### Information supplied
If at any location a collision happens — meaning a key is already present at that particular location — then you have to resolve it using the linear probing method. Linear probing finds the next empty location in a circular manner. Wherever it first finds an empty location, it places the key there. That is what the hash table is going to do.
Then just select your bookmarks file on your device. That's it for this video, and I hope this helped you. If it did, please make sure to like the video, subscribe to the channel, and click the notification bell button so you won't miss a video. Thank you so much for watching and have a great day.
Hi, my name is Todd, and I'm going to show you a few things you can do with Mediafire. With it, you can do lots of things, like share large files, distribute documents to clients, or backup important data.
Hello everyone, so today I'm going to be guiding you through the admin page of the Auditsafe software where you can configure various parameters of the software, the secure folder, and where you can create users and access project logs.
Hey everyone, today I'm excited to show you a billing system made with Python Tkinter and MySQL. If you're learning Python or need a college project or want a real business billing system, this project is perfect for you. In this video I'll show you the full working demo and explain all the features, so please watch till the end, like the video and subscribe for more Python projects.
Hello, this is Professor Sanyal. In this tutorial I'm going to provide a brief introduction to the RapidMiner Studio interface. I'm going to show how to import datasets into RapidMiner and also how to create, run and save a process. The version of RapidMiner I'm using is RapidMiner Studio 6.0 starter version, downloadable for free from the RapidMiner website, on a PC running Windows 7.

--

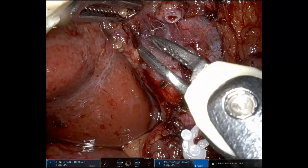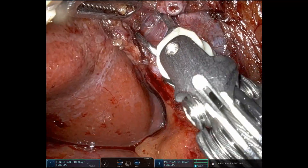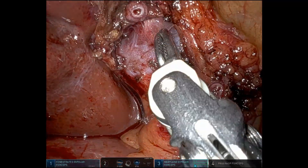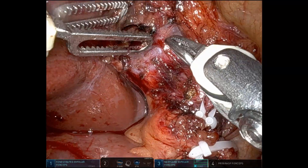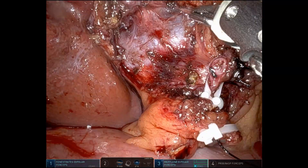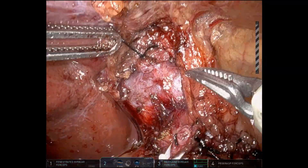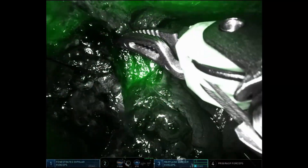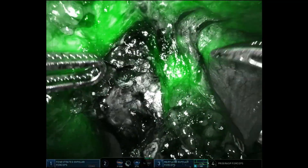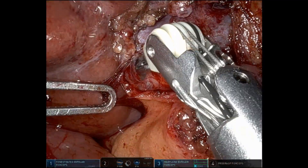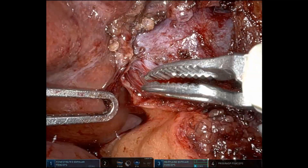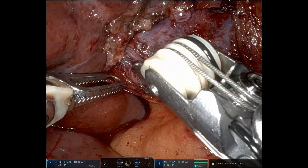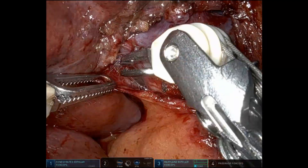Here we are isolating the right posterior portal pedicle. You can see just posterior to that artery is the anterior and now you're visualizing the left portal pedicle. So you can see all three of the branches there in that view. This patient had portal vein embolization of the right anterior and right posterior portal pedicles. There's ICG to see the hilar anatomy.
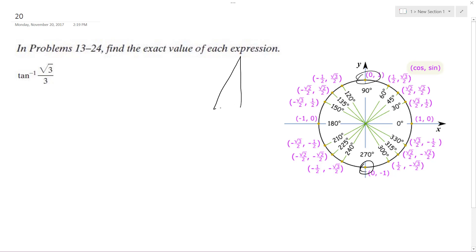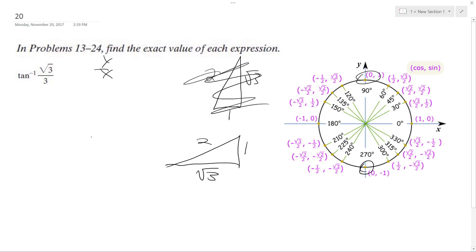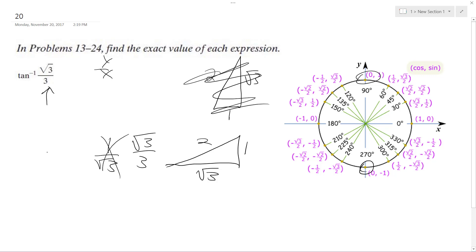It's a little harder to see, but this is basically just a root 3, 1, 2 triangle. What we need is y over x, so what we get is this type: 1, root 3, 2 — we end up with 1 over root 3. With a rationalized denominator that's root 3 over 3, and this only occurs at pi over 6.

### What the task asks
Your answer should consist solely of the lines above from the line with "Hi, my name" to the line with "Hey everyone, today", both included, reproduced exactly.

### Result
Hi, my name is Todd, and I'm going to show you a few things you can do with Mediafire. With it, you can do lots of things, like share large files, distribute documents to clients, or backup important data.
Hello everyone, so today I'm going to be guiding you through the admin page of the Auditsafe software where you can configure various parameters of the software, the secure folder, and where you can create users and access project logs.
Hey everyone, today I'm excited to show you a billing system made with Python Tkinter and MySQL. If you're learning Python or need a college project or want a real business billing system, this project is perfect for you. In this video I'll show you the full working demo and explain all the features, so please watch till the end, like the video and subscribe for more Python projects.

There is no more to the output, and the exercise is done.